Q: On the heels of that question, you happen to be married to another local, prolific blues performer, Big Cat Tolefree. Is your household as musical as it sounds? Do you ever collaborate on anything?
Tia: (Laughs) “We collaborate pretty well on arguments! (Sings) Didn’t I teeeeeeeeell you? (giggles) To take out the garbage! (laughs and continues singing) Why don’t you go home and cook?! (Laughs) So….yeah…we’re pretty musical at home. That’s one of the great things that we have in common. That we can sit down and listen to music together and…we may not agree on everything that we hear or I might like one aspect of a song and he might like another aspect of it,but over all, we’re pretty much on the same page as far as what we like to hear. For instance tone in voices or intonations or the way people phrase things or how they change things up or something.
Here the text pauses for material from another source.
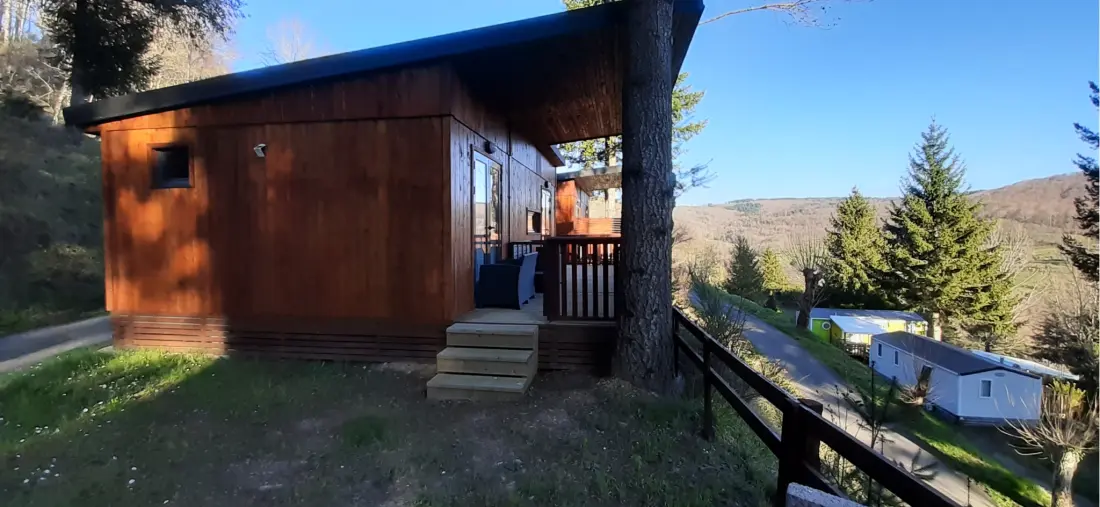 Flower Camping Le Belvédère - Auvergne - Cantal 4 étoiles★★★★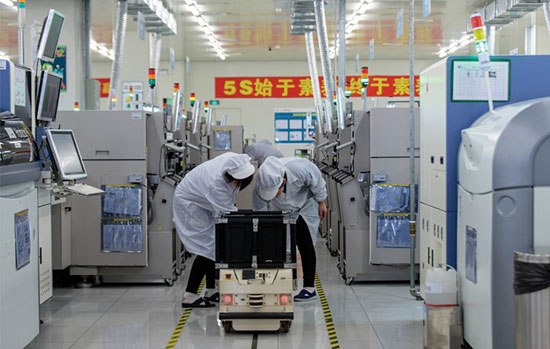 آیا ربات‌ها می‌توانند جای میلیون‌ها کارگر ارزان چینی را بگیرند؟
We like to be able to go out and listen to a live band without being called up on stage. We just want to listen and see. And yes, we are competitive and comparative with each other as well as with other bands. I think that’s kind of just a natural thing. But we do definitely enjoy our music at home as well as individually.”
Q:You’ve watched your husband manage a band of his own as well. You both manage bands out of your home for your own gigs. What similarities or differences do you see in the way either of you manage your projects?
Tia: “The fact that 95 percent of the time, his band is all male, he just doesn’t have a problem. The fact the 95 percent of the time, my band is all male, I do have a problem. And that’s just an age old problem that is…..just an age old problem. It’s always going to be that way. I know you’ve heard it before: when women take charge and start leading a band like a man does, they get called names. (Chuckles) Now, not that I care about what name they call me, as long as they are playing my music, I don’t care (Laughs). But, you know, I just don’t see him having that problem. We will both operate the same way, for instance, he’ll fire someone at the end of a set too and have somebody in the audience ready, with their instrument to come right up on stage.”
At this point, I interject: “Really?! A backup?”
Tia: “MMM Hm. I will fire somebody and NOT have a backup. But I don’t care. I’m just going to finish the show, the best way I can and move on to the next one. So, there are some similarities and some differences but it really all boils down to the fact that this is a male dominated profession. Especially in the blues…. Well.. shoot. I can’t even say that. It’s pretty much all over the place.”
Q: You’ve performed all over the world from Italy to Lucerne Switzerland, Brazil, Mexico and here in your own backyard. How do you feel the Bay Area fares compared to when you perform abroad?
Tia: “…..(Sighs)… That is a sad question. (Laughs)”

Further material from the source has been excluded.